When action does come, it comes across as hysterical overreaction and overkill: laying waste to a Third-World country that couldn't even occupy one of our inner-city neighborhoods if it tried (do we really feel like conquerors...and our pathetic excuses for leaders imagine themselves to be in the mold of Alexander the Great or Frederick of Prussia?); sending a 400-plus-strong SWAT team of FBI and BATF agents to "take down" Randy Weaver and his family, killing his unarmed wife, dog and wounding his teenaged son; massacreing religious isolationists and innocents at Waco, Texas.

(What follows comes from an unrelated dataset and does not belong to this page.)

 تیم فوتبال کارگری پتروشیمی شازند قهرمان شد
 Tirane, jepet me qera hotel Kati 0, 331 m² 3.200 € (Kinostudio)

It's also reflected in our shift from a manufacturing/farming/mining/shipping/timber economy to a "service" economy. We don't make things anymore, instead we serve...people who do? No, it's all been outsourced, offshored.
A "service" economy presupposes that there are doers, makers, inventors who produce tangible goods that people are willing to spend money on. I recall an article about the threatened closing of a car plant near my house. The report highlighted...who? The people on the assembly line soon to be idled? The foremen? No, it was the waitresses in the nearby restaurants where the auto workers went for lunch every day; the strip malls and surrounding stores where the plant workers did their shopping. Because the car plant produced something tangible, something useful, something that would enable other people to be themselves more productive, all manner of "services" had sprung up around it. But once the assembly line is shut down, the plant shuttered and rusting, all those "service" industries will wither and die. There have to be producers for the service "industry" to serve.
Will we continue to be a world power -- swaggering around the globe pounding tinpot dictatorships into dust -- when we no longer make things, like our soldiers' uniforms, the weapons systems they wield, the troop transports, ships and jeeps? What do we do when China -- as in "Made In" -- declares war on us and we have already surrendered all our manufacturing to them?